Screen Shot 2017-10-15 at 8.20.11 PMLa peste
Albert Camus
Éditions Gallimard, 1947
(Collection Folio)

A sublime reading of La peste. By applying some of the concepts around the experience of the sublime to Albert Camus’ La peste I want to explore the question of engaging with a specific aesthetic concept within a literary work. This has been done innumerable times before, but I want to explore how it is actually possible. Therefore, in the case of La peste, there are two moments within the text which strike me intuitively as being representative of the sublime.

The first would be an example of Kant’s mathematical sublime. This occurs during a description of the escalation in the presence of the rats in the first few pages of the book: 

“Le docteur de souvenait de la peste de Constantinople qui, selon Procope, avait fait dix mille victimes en un jour. Deux mille morts fit cinq fois le public d’un grand cinéma. Voilà ce qu’il faudrait faire. On rassemble les gens à la sortie de cinq cinémas, on les conduit sur une place de la ville et on les fait mourir en tas pour y voir un peu clair. Au moins, on pourrait mettre alors des visages connus sur cet entassement anonyme.”

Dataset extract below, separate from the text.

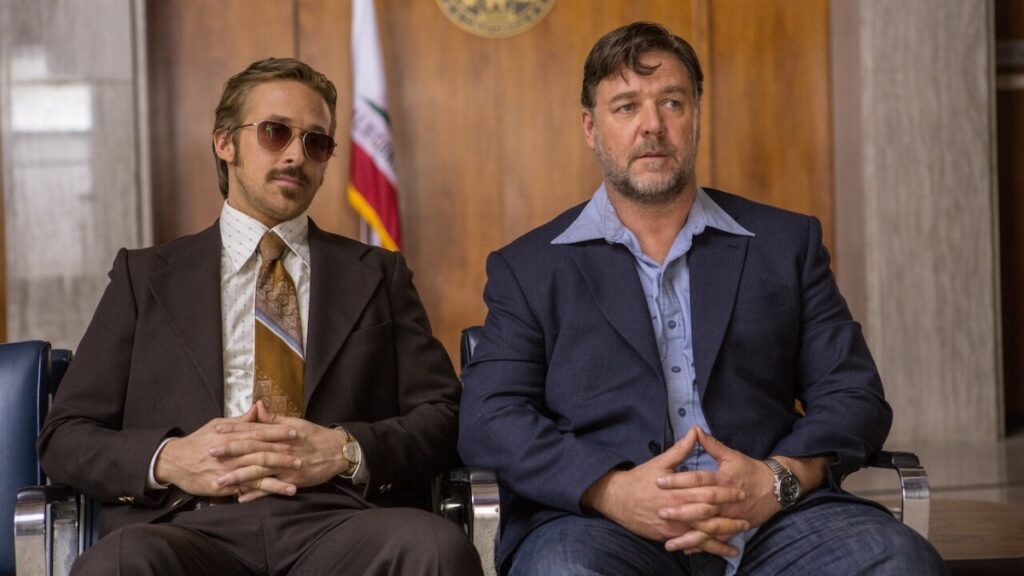 Dois Caras Legais não ganhou sequência por causa de Angry Birds Ryan Gosling como Holland March e Russell Crowe como Jackson Healy em Dois Caras Legais (Reprodução)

This psychological need to build an associated image of human bodies as relative to their occupation of space in a cinema is indicative of a possible experience of the sublime. The Doctor cannot synthesise each individual death into a purely numerical and logical representation of the totality of those dead. This experience mirrors our inability to comprehend such a large scale of death, not only in numbers but also in the weight and depth of each individual loss. The Burkean necessity of the feeling of terror is certainly present, for one cannot fathom such morbidity without a sense of one’s own mortality.

The second is tied more to the emotive qualities associated with an experience of the sublime, in particular that of interesting sadness.

“…la peste. Le mot ne contenait pas seulement ce que la science voulait bien y mettre, mais une longue suite d’images extraordinaires qui ne s’accordaient pas avec cette ville jaune et grise, modérément animée à cette heure, bourdonnante plutôt que bruyante, heureuse en somme, s’il est possible qu’on puisse être à la fois heureux et morne.”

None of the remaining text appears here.